Les médecins envisagent, comme solution à court terme, la mise en place d’un service d’assistance téléphonique, similaire à celui qui existait pendant la pandémie, afin que les parents puissent obtenir une réponse éclairée à la question : « Devons-nous nous rendre aux urgences ? ». Des cours de préparation à la parentalité, lancés par le ministère et pouvant débuter dès la grossesse, constitueraient également une piste, tout comme la création d’un métier d’assistant(e) médical(e), tel qu’il existe en Allemagne. « Mais il faut aussi se demander où l’on veut en être dans dix, vingt ou trente ans », fait remarquer Claude Schalbar. C’est notamment pour cette raison que les interlocuteurs se prononcent en faveur de la mise en place d’une formation de pédiatre à l’Uni.lu. Serge Allard propose d’offrir des incitations financières aux étudiants à l’étranger afin qu’ils reviennent après leurs études. Globalement, il faudrait créer au Luxembourg un « delta d’attractivité », explique Romain Nati, afin de « passer d’une spirale négative à une spirale positive ». On ne peut pas compter sur l’étranger pour combler les lacunes. Lorsqu’en mars, André Bauler (DP) et Gilles Baum (DP) ont interrogé la ministre de la Santé Paulette Lenert (LSAP) dans le cadre d’une question parlementaire sur les détails relatifs aux soins pédiatriques, la réponse s’est avérée optimiste : « Les départs d’ici fin 2025 devront au moins être remplacés ». On préfère passer sous silence le fait que cela ne suffira pas, si l’on en juge par l’évolution démographique.
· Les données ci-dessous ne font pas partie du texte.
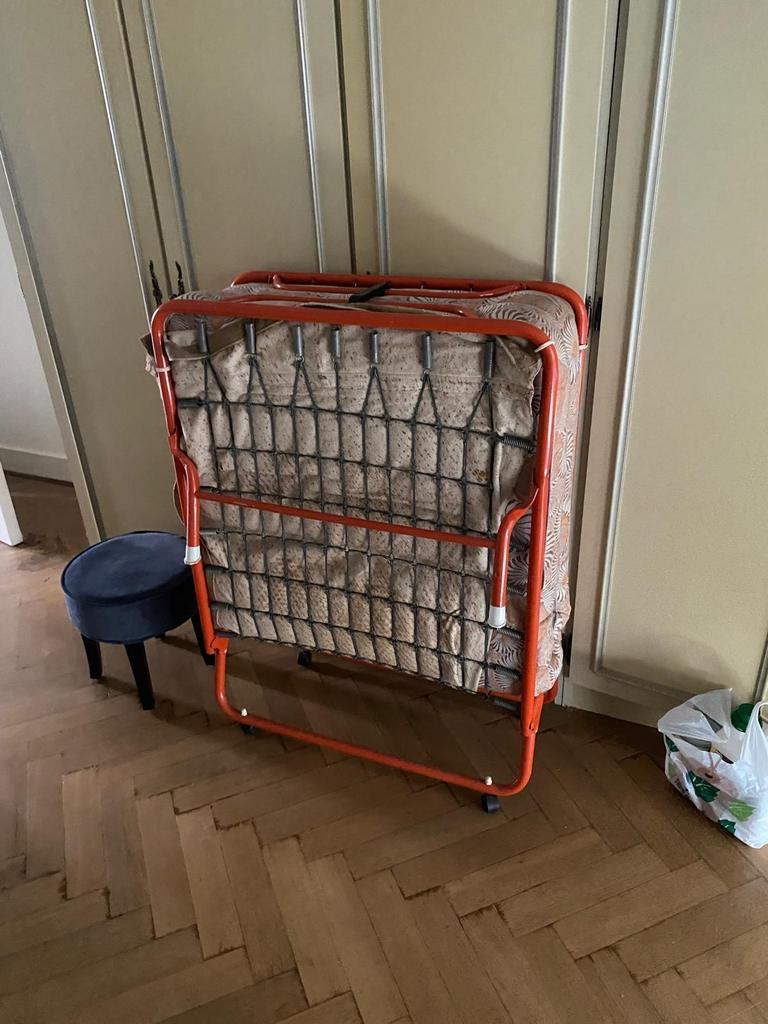 Lit pliant gratuit (Etterbeek), Maison & Meubles, Enlèvement ou Envoi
Cette question met toutefois en lumière un problème plus profond, à savoir que les enfants n’ont pas de groupe de pression. Même si les responsables politiques aiment les mettre en scène dans des spots publicitaires mièvres à des fins électorales, même s’ils sont présentés dans un discours sur deux comme des porteurs d’espoir pour lesquels il vaut la peine de se battre contre le changement climatique et tous les autres problèmes, la réalité montre qu’ils sont souvent davantage gérés que considérés comme une partie essentielle de la société, qu’ils ne constituent pas une priorité mais un « afterthought », un ajout de dernière minute. « À quoi aurait ressemblé la gestion de la pandémie si la Covid-19 avait particulièrement menacé les très jeunes enfants ? », s’est interrogé Fernand Pauly, porte-parole du SLP, sur RTL pendant le premier confinement. La question reste d’actualité.